TASK DESCRIPTION: Write out, without any change, the lines in the material below that run from the line with "Forsvaret, Forsvarets overkommando" through the line with "Item preview, Trippy", both included.

ENTRIES SUPPLIED:
####

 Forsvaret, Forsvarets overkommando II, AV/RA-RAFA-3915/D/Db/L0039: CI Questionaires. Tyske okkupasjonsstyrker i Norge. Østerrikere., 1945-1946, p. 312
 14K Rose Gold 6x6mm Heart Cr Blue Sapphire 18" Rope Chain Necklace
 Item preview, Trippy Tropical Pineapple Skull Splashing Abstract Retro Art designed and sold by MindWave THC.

####

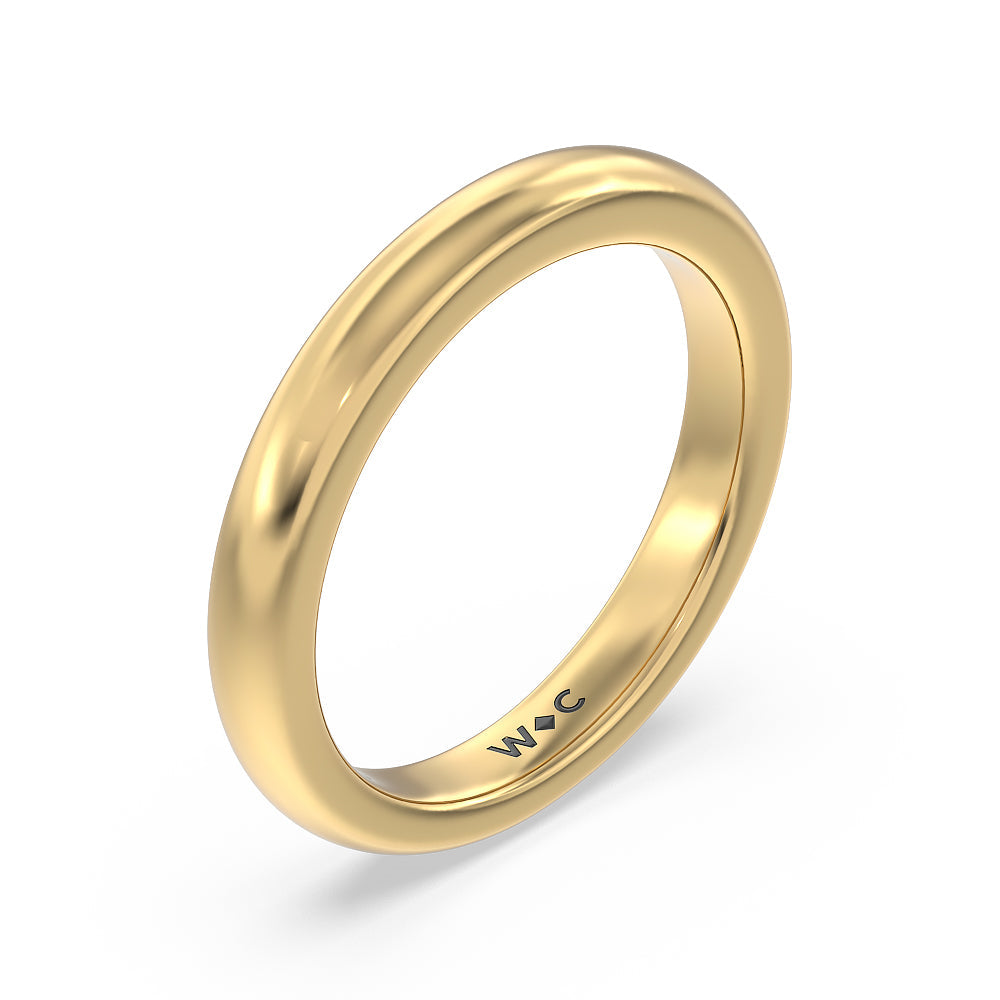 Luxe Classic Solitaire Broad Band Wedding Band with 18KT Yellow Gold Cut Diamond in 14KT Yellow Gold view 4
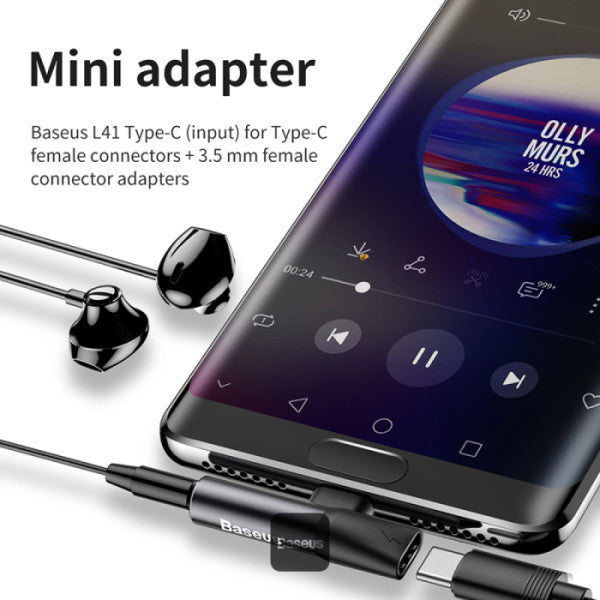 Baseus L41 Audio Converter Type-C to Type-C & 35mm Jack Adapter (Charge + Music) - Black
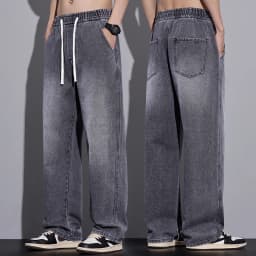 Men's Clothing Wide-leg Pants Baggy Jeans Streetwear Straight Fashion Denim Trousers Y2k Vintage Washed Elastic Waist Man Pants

####

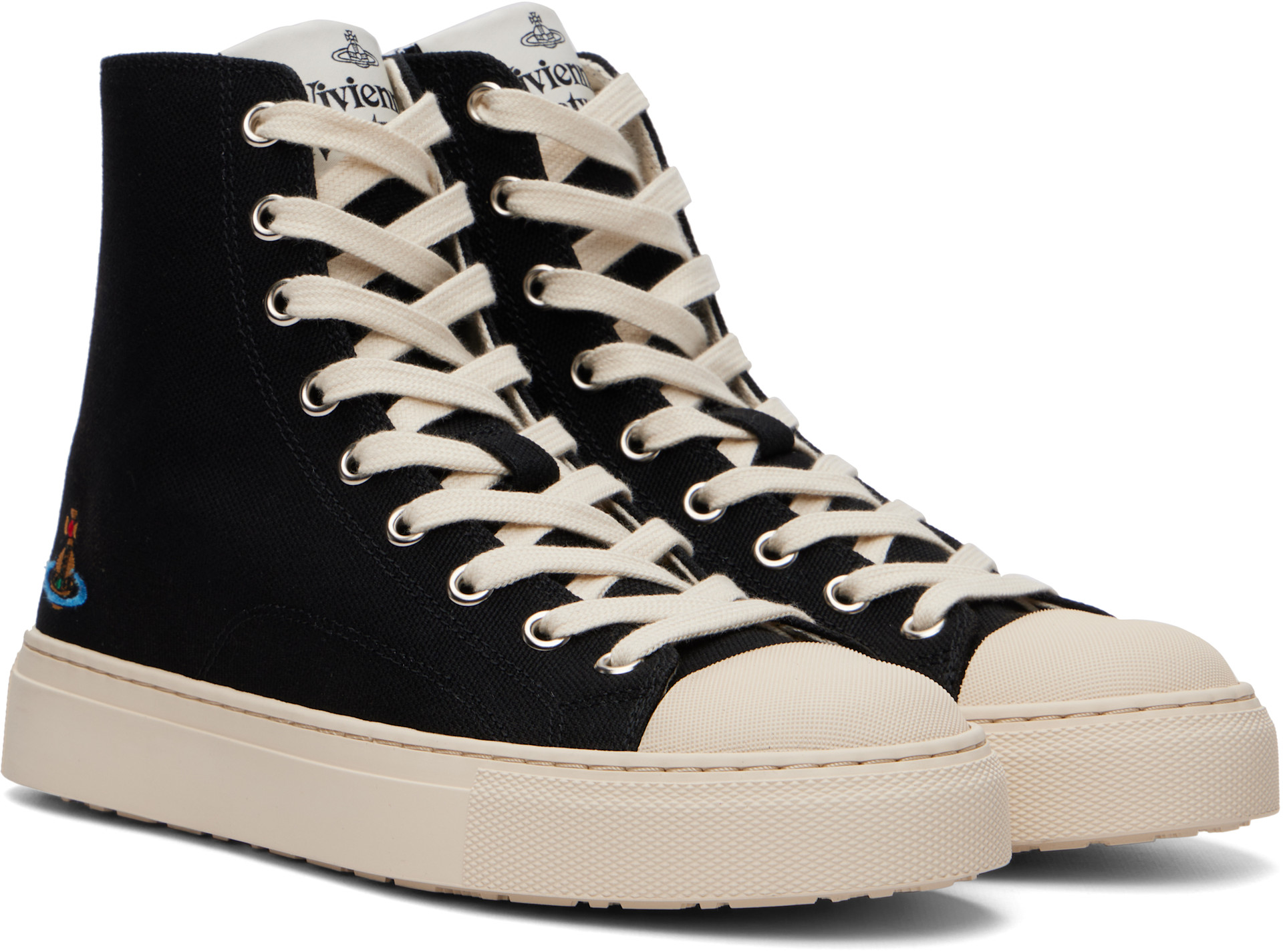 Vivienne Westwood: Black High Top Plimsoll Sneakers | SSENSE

####

EXERCISE SOLUTION:
 Forsvaret, Forsvarets overkommando II, AV/RA-RAFA-3915/D/Db/L0039: CI Questionaires. Tyske okkupasjonsstyrker i Norge. Østerrikere., 1945-1946, p. 312
 14K Rose Gold 6x6mm Heart Cr Blue Sapphire 18" Rope Chain Necklace
 Item preview, Trippy Tropical Pineapple Skull Splashing Abstract Retro Art designed and sold by MindWave THC.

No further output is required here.